C’est juste parce que deux jours avant j’avais pris un taxi, j’ai parlé au chauffeur, qui était pakistanais, qui m’a raconté un peu sa vie. J’ai réalisé que mon immigration c’était du coton.  Je viens d’un pays occidental dans un autre, je pouvais payer ce qu’il fallait, en plus je n’avais pas la barrière de la langue.

Et là tu vois des gens qui changent totalement de mode de vie, qui vont dans des mégapoles alors qu’ils habitaient dans un petit village, qui ont dû se saigner pour trouver l’argent pour faire ça, qui se retrouvent chauffeurs de taxi… Je trouvais ça tellement plus admirable, donc j’ai demandé à Moran de me faire un texte là-dessus.

Il a longtemps travaillé, et un jour il est arrivé avec ça, et là j’étais aux anges.

Sors-tu.ca : Et pourquoi avoir terminé l’album avec Le bal des poulets, qui évoque un drame social ?

Daran : Je pensais que la fin de la chanson finissait bien l’album « Tic, Tac, Tic, Tac ».

Sors-tu.ca : C’est quand même une chanson très sombre…

Daran : Oui, mais ça arrive tous les jours à une centaine de personnes.

Sors-tu.ca : Et comment t’est venue l’idée de cette chanson ?

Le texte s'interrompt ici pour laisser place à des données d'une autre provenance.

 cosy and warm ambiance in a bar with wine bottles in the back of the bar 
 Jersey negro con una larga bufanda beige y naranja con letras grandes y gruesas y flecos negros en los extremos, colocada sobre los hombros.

Daran : J’ai couru après Lebert pendant des semaines. Je lui ai dit que je voulais une chanson sur une fermeture d’usine, et cibler une personne dans ce cauchemar-là.  Les gens à qui on n’a pas appris à rebondir, on leur a appris que si tu changes de métier, tu es instable. Il y a d’ailleurs une grande différence avec ici. Quelqu’un qui a beaucoup d’expérience ici, on dit qu’il est adaptable. En France on dit qu’il est instable.

Et Pierre-Yves est arrivé avec cette merveille, et j’ai trouvé cela parfait. J’adore cette chanson.

Sors-tu.ca : Pourquoi as-tu choisi le titre de la chanson Le monde perdu comme titre de l’album ?

Daran : En fait je l’ai choisi pour des raisons qui n’ont aucun rapport avec la chanson. J’y vois plus l’insouciance perdue, l’enfance perdue.

Sors-tu.ca : C’est vrai qu’en général tu choisis un des titres de tes chansons de ton album comme titre de l’album.

Daran : Je vais dire que presque à chaque fois je crois que je vais trouver un titre extraordinaire, et à chaque fois, à un moment donné dans le travail, il y en a une qui s’impose à moi. Et le je trouve que le monde perdu ça va bien. Il ne faut juste pas mettre un dinosaure sur la pochette… ! (rires)

Sors-tu.ca : Et tu as repris Une sorte d’Eglise, qui était sur un des tes albums, mais cette version a été faite par Louis-Jean Cormier, c’est bien cela ?

Daran :  C’est une longue histoire. C’était la dernière de l’émission Studio 12, ils ont fait plein de surprises à l’animatrice jusqu’à lui faire croire qu’ils faisaient un nouveau concept d’émission : prendre sa chanson préférée avec son interprète préféré, et de faire ça plein de fois. Elle a dit que sa chanson préférée c’était Une Sorte d’Eglise de Daran, et que si elle devait se marier, elle mettrait cette chanson-là. Et son interprète préféré était Louis-Jean Cormier.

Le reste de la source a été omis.